You could say he spoke about god without speaking about god. Here is an example from his poem, The Knight.
… He has conquered in earth’s name
Committing these trophies
To the small madnesss of roots, to the mineral stasis
And to rain.
An unearthly cry goes up.
The Universes squabble over him—
Here a bone, there a rag.
His sacrifice is perfect. He reserves nothing.
Skylines tug him apart, winds drink him,
Earth itself unravels him from beneath—
His submission is flawless.
Blueflies lift off his beauty.
The knight is in a battle with the material world. He wins that battle by surrendering and absorbing into it. In the end:
His spine survives its religion,
The texts moulder.
In Hughes’ world, the human entity survives god. Why? Because he wrote the myth. That’s why.

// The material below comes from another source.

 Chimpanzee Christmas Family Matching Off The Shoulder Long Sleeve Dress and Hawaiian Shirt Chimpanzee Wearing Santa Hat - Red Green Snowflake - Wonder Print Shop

We have all the themes of any Abrahamic religion in that poem, and yet even I, as an atheist, can find relevance in it. Mythology is a powerful tool for a writer, and Hughes knew that. He wrote entire books of them, from his incredible poetry collection, Crow, to the children’s book, Moon Whales. He created his own worlds because inventions can be bent into any shape you like. Religions cannot.

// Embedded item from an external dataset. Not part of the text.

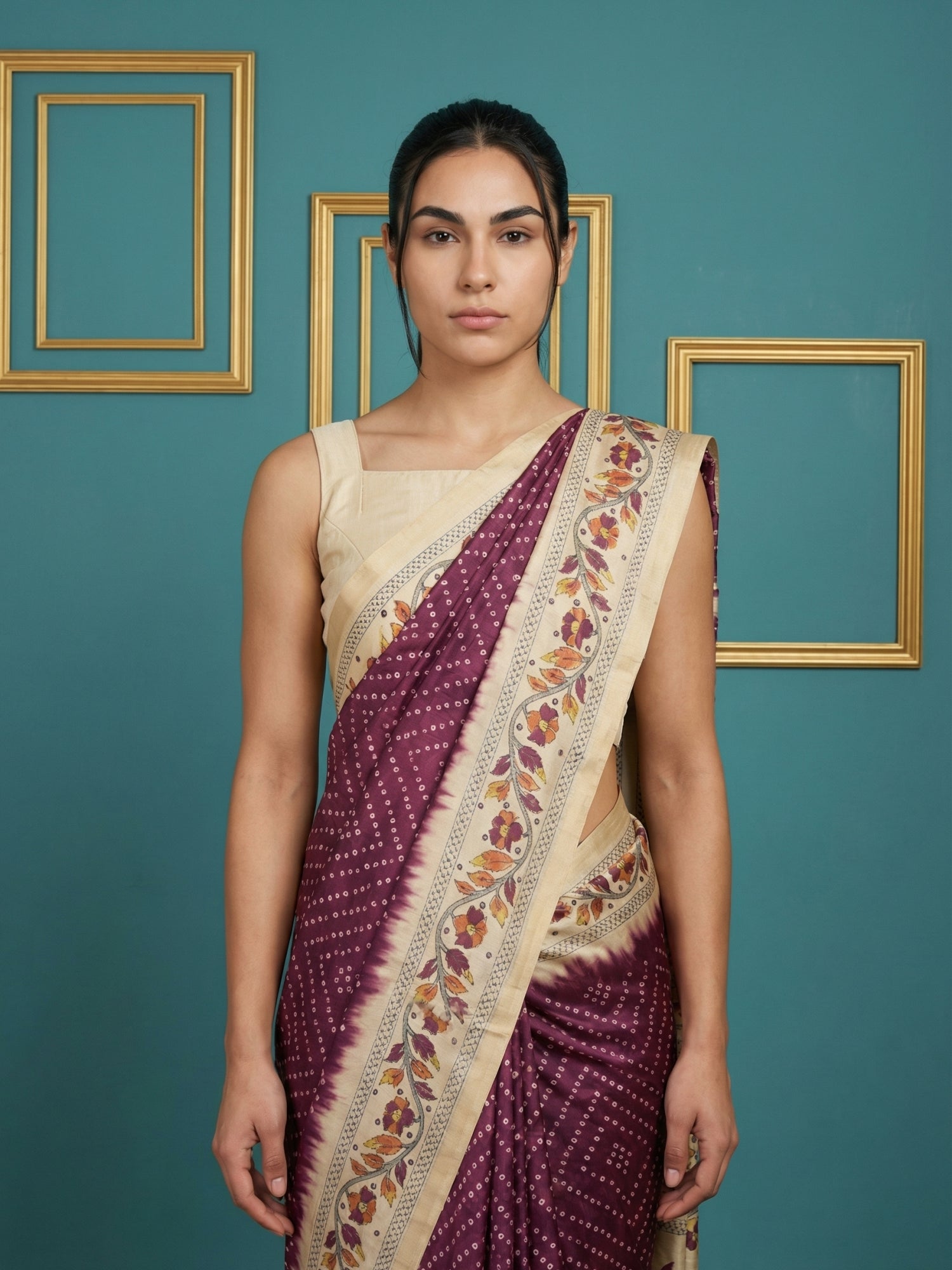 Wine Soft Tussar Silk Saree Bandhani Floral Print Zari Border Traditional Saree With Blouse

Mostly, Hughes’ many myths succeed because they are so visceral. Hughes ties them to the earth by describing earthly sensations and tendencies through rocks and blueflies and unravellings. He used to play on primitive life because it appeals to the most primitive parts of our minds.
In inventing religion, Hughs becomes the shaman of his time. He becomes chosen by the spirits.
Anne Sexton used a similar trick. In many ways, she created the mythology of the Fifties housewife. In her world, anything can happen because it is she who invented it. She created the rules, so she had absolute power over them.
Hughes described his poetic goals as creating “a language for the whole mind at its most wakeful.” So he hoped his poems would appeal to every single part of our minds, and I believe he achieved exactly that.
We’ve tried this exercise before, but let’s try it again: Write a poem or short story that creates your own mythology. The catch? That mythology must appeal to universal human experiences.